When the Stakes Are Life and Death, Your Message Had Better Be Tough
Via Boing Boing, here is a fascinating history of the most controversial--and arguably the most effective--political commercial in history: the 1964 "daisy" ad used by Lyndon Johnson to brand Barry Goldwater as a dangerous kook. If you've never seen the ad (which may be the case with some of our--ahem--younger readers), follow the link and click on the "Daisy: Video" line to watch it; I think it is still chilling after all these years, even with the original Cold War context now ancient history. Labels: Barry Goldwater, Bill Moyers, daisy ad, Lyndon Johnson
One of the beautiful things about this ad was the shrill response it evoked from Republicans around the country--an overreaction that most observers felt helped Johnson and the Democrats. As Bill Moyers, one of LBJ's strategists, wrote in a memo to the president:It [the ad] caused [Goldwater's] people to start defending him right away. Yesterday [Republican National Committee Chairman] Burch said: "This ad implies that Senator Goldwater is a reckless man and Lyndon Johnson is a careful man." Well, that's exactly what we wanted to imply. And we also hoped someone around Goldwater would say it, not us. They did. Yesterday was spent in trying to show that Goldwater isn't reckless.
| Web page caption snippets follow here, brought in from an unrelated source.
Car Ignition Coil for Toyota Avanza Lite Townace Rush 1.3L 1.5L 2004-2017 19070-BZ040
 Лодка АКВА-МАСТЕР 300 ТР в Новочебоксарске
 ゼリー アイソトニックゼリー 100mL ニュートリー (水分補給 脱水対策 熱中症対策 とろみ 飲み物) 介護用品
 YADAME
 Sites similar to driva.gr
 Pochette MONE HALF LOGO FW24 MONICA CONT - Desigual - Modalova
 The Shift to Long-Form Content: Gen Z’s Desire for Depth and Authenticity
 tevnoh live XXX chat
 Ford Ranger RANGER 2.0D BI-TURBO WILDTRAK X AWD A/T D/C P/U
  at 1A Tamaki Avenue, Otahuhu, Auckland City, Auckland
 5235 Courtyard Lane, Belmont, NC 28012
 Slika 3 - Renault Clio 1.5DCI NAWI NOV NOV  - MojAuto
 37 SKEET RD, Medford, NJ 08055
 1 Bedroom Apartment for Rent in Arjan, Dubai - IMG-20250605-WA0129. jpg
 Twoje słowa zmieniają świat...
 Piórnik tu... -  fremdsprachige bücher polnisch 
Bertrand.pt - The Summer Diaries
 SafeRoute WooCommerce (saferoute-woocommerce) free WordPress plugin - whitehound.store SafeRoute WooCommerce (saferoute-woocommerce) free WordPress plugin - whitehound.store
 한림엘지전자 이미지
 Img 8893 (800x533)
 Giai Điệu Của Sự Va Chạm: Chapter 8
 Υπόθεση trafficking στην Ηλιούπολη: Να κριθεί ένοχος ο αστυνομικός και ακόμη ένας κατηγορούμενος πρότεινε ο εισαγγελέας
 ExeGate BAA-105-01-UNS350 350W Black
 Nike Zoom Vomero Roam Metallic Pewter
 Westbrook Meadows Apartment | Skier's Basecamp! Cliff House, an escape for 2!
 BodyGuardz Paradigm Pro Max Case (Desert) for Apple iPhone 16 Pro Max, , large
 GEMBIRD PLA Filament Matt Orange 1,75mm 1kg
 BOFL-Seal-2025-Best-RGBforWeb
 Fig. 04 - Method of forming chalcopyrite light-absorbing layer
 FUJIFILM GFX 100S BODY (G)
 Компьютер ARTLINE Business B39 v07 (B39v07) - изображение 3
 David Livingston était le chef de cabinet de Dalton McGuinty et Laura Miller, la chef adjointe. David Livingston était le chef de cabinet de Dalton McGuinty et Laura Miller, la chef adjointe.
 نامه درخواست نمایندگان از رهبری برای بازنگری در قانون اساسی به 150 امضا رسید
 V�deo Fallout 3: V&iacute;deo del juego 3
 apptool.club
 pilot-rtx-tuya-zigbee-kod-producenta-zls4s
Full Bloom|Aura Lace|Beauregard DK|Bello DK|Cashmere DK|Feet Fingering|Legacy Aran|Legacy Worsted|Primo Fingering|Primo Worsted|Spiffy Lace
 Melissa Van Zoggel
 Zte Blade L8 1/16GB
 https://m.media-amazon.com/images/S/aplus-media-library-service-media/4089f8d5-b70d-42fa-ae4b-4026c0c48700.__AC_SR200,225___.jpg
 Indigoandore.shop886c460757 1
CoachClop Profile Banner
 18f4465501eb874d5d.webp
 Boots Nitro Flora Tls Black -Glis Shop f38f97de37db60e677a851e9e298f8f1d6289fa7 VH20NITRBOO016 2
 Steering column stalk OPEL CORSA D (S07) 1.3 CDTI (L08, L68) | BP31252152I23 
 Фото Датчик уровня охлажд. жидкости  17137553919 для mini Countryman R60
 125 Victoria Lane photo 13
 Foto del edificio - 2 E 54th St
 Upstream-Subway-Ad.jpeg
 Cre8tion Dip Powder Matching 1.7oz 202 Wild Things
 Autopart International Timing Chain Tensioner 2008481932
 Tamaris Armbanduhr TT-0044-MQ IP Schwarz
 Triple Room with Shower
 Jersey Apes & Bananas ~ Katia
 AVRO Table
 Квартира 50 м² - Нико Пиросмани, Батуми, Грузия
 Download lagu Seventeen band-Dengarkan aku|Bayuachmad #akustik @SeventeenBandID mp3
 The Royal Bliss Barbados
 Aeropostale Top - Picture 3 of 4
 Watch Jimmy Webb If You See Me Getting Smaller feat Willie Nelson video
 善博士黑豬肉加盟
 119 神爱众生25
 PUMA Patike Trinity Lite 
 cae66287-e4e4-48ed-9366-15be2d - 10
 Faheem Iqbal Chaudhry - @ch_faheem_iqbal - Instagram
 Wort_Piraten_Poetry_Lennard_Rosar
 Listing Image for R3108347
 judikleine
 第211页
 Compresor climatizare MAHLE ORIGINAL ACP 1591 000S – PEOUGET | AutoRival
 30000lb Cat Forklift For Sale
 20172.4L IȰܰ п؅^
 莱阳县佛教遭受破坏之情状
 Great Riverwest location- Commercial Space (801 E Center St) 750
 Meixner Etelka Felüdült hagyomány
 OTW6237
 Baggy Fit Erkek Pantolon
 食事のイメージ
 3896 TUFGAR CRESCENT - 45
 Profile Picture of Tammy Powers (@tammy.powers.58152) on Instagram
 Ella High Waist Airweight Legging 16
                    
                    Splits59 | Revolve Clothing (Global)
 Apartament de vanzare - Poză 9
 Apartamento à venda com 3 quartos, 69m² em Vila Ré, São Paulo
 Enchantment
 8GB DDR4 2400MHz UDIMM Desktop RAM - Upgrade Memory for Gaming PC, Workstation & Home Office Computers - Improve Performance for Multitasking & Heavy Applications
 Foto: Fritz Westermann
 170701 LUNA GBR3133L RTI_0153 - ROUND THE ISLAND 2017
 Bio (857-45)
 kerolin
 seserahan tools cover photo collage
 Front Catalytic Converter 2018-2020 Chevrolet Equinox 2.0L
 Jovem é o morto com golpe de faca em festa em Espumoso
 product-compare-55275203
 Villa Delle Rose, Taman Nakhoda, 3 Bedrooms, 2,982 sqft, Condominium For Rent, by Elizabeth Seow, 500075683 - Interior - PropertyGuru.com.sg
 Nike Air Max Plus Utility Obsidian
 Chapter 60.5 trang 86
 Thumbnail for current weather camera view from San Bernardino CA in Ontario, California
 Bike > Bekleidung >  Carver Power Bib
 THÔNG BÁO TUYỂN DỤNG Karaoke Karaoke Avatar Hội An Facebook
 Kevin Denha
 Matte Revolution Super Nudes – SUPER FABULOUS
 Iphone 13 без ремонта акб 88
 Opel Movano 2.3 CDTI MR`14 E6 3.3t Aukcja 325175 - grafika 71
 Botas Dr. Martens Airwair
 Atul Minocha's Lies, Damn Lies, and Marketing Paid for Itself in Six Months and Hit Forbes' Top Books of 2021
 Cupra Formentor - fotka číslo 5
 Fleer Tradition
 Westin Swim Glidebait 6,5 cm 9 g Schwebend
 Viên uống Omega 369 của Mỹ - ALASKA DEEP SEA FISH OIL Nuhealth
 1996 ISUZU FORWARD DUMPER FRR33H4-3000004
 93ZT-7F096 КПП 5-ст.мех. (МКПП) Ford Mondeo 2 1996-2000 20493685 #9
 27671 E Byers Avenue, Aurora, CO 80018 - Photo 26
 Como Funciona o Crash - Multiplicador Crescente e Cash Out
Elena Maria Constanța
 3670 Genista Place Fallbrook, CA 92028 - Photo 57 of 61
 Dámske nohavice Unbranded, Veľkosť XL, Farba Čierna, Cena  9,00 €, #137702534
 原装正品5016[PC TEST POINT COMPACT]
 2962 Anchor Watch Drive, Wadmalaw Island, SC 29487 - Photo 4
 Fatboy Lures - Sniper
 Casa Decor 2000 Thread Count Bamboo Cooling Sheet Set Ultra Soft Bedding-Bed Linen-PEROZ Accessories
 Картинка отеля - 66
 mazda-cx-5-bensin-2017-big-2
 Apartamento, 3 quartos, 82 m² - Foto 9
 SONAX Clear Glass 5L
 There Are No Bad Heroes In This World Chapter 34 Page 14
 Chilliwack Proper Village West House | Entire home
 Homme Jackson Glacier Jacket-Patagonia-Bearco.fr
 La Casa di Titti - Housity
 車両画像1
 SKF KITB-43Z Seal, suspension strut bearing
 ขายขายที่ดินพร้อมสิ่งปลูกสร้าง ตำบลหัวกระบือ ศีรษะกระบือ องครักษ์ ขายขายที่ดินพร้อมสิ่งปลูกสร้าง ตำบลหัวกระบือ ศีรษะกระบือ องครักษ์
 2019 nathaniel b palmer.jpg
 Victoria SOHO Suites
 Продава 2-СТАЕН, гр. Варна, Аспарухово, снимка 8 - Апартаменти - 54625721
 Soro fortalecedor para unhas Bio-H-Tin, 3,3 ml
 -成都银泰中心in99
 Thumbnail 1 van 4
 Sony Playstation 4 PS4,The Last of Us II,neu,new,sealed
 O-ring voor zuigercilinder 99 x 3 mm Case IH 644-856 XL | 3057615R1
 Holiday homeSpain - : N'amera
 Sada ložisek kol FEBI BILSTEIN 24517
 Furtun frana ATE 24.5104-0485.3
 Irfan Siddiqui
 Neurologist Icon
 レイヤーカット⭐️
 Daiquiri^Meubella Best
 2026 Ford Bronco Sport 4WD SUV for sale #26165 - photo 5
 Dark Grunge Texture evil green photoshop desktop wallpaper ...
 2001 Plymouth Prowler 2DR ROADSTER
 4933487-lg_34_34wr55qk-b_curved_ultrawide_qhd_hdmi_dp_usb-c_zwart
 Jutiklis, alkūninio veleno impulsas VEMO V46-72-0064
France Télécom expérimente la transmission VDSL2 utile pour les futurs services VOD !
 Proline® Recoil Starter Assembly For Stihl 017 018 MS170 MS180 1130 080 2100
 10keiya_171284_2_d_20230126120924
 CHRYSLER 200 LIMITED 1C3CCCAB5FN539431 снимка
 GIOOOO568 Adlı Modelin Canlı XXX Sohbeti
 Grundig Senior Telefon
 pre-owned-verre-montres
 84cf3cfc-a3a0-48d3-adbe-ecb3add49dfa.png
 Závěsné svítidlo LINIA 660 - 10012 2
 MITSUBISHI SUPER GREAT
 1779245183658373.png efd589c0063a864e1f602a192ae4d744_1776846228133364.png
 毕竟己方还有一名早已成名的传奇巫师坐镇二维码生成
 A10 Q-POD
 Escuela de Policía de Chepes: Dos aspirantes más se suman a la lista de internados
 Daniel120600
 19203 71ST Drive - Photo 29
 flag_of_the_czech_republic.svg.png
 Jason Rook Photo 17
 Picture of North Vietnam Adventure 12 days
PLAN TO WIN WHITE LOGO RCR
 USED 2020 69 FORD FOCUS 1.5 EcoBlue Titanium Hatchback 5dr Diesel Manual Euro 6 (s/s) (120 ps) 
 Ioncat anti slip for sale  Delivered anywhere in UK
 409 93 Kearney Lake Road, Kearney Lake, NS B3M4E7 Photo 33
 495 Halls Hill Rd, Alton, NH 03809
A Harris Poll taken a week after the ad first aired reported that 53% of women and 45% of men believed that Goldwater would involve the United States in a war. The Republican overreaction to the spot and the resulting publicity (the Daisy girl appeared on the cover of Time magazine's September 25, 1964 "Nuclear" issue) almost certainly influenced the polling numbers. Author Theodore H. White summed up the GOP misstep in his election postmortem "The Making of the President 1964": ". . . the shriek of Republican indignation fastened the bomb message on them more tightly than any calculation could have expected."
I would love to see Democratic strategists for 2008 go to school on Moyers, Tony Schwartz, Sid Myers, Bill Bernbach, and the other strategists who were responsible for the daisy ad. It's long past time for us to promulgate messages that are as truthfully tough as that. And if the Republicans nominate Rudy Giuliani--a dangerous kook if there ever was one--they are frankly asking for it.